Default engine is SQLite, please see database_uri at conf/config.ini for a change. It is used by SQLAschemy to connect to the database backend.

This API has been tested and used on MySQL (manual test), SQLite (automatic test) and PostgreSQL databases (manual test) thanks to SQLAlchemy. For the best performance and mostly if you want to use the frontend application, please use PostgreSQL.

Front-end application

You might also be interested in the associated frontend: dictionary frontend which provides an interface to manage dictionary in a more user-friendly manner. It will allow you to edit link and delete words and definitions as well as an access to a per-language dictionary.

The frontend application makes use of VueJS, and Nginx. With PostgreSQL backend, Postgrest is used to lessen the load on dictionary_service for read operations. Nginx acts as a proxy which redirect requests to either dictionary_service or PostgREST API.

entry_translator.py

Wiki page handling that also uses translation and page rendering APIs. Side effects are page updates and creations to the target wiki. REST service required by wiktionary_irc.py

The requirements for this script are:

  • NLLB inference server (ctranslate.py) being installed and running (see below for more information). You can install it using install-ctranslate.sh script.
  • A running instance of the dictionary_service.py script.
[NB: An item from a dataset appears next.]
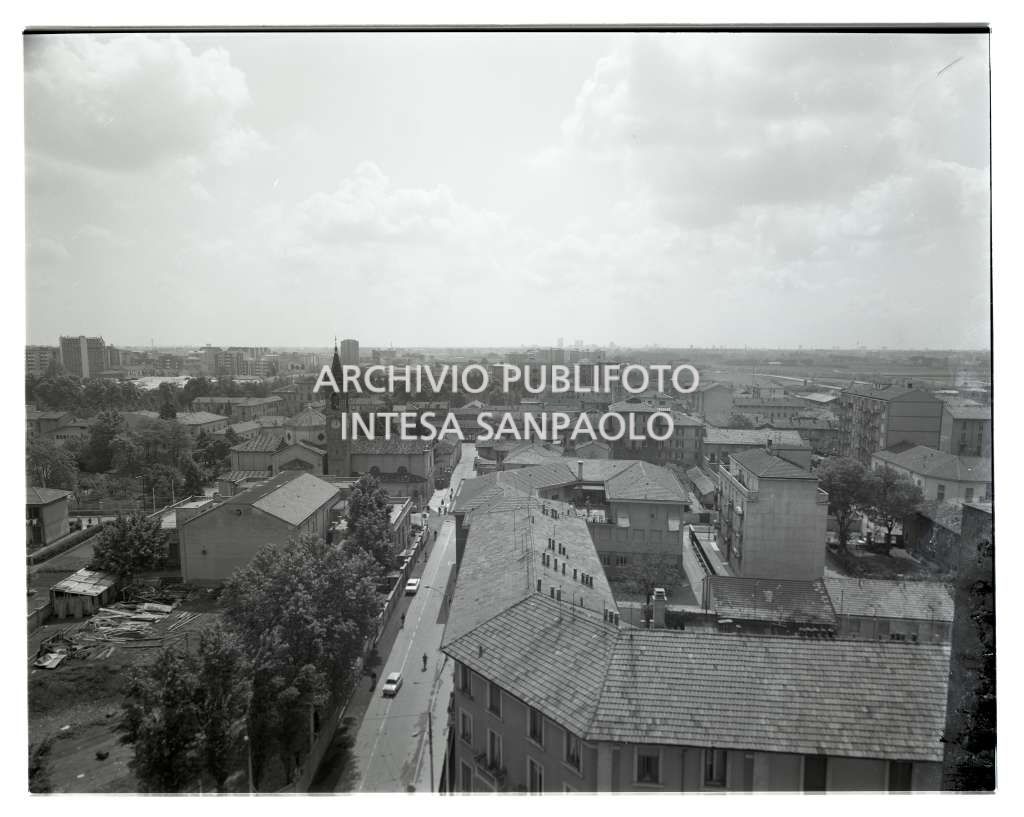 Ripresa dall'alto di Bresso verso via Roma e la chiesa di San Nazaro e Celso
ctranslate.py NLLB inference

This script uses the NLLB 3.3B model to run. It has its own requirements that have minimal impact on the rest of the project. However, for your convenience, it must be separately installed, as the whole deployment environment requires 30+ gigabytes of storage. If you ever choose to, you can install it on a separate machine. If you do that, do not forget to change the HAProxy settings (translator_<x> backends) in conf/haproxy.conf, so as not to break entry_translator.py.

word_forms.py

Independent script to translate non-lemma entries on the English Wiktionary into Malagasy.

list_wikis.py

Independent script that updates the statistics table for each Wiktionary, Wikipedia and Wikibooks and stores it to the user's subpage on the Malagasy Wiktionary

unknown_language_management.py

Independent script, which, in detail:

  • fetches the words created in the last 30 days;
  • checks the missing language templates, and translates them in malagasy with a basic phonetic transcription algorithm;
  • if the language name could be translated: creates the templates and categories for the missing language; or
  • stores a list of untranslated language names in a table, stored on the Malagasy wiktionary at Mpikambana:<USERNAME>/Lisitry ny kaodim-piteny tsy voafaritra

Copyright

© 2018 Rado A. (Terakasorotany) -- MIT Licence.
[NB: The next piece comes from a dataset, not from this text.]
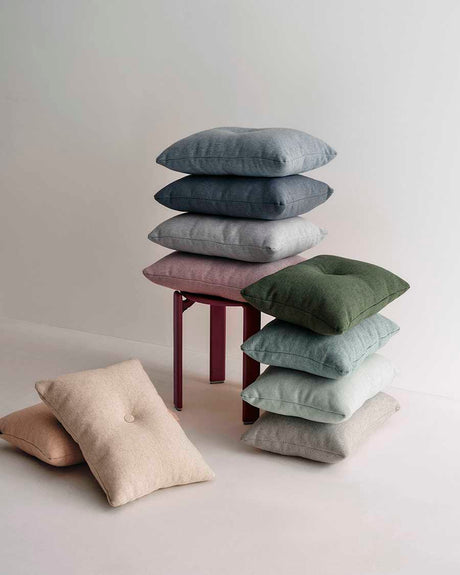 Dot Cushion Mode från Hay - Warm grey - Jacobsen Plus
Permission is hereby granted, free of charge, to any person obtaining a copy of this software and associated documentation files (the "Software"), to deal in the Software without restriction, including without limitation the rights to use, copy, modify, merge, publish, distribute, sublicense, and/or sell copies of the Software, and to permit persons to whom the Software is furnished to do so, subject to the following conditions:

The above copyright notice and this permission notice shall be included in all copies or substantial portions of the Software.
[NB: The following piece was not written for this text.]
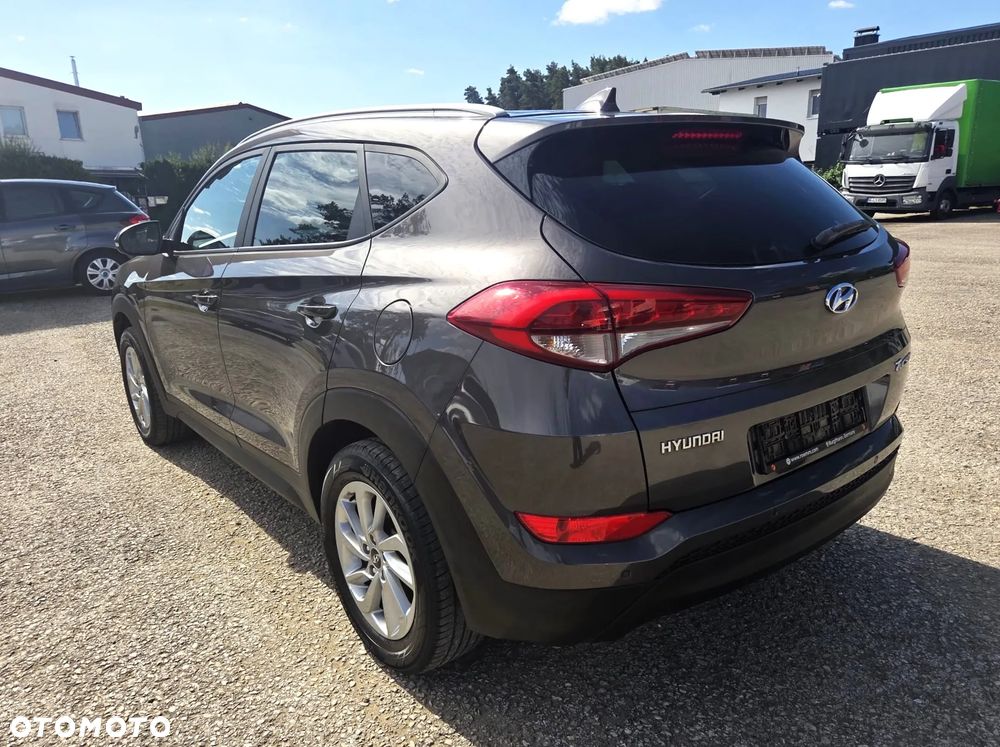Hyundai Tucson 1.6 GDI BlueDrive Style 2WD - 13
THE SOFTWARE IS PROVIDED "AS IS", WITHOUT WARRANTY OF ANY KIND, EXPRESS OR IMPLIED, INCLUDING BUT NOT LIMITED TO THE WARRANTIES OF MERCHANTABILITY, FITNESS FOR A PARTICULAR PURPOSE AND NONINFRINGEMENT. IN NO EVENT SHALL THE AUTHORS OR COPYRIGHT HOLDERS BE LIABLE FOR ANY CLAIM, DAMAGES OR OTHER LIABILITY, WHETHER IN AN ACTION OF CONTRACT, TORT OR OTHERWISE, ARISING FROM, OUT OF OR IN CONNECTION WITH THE SOFTWARE OR THE USE OR OTHER DEALINGS IN THE SOFTWARE.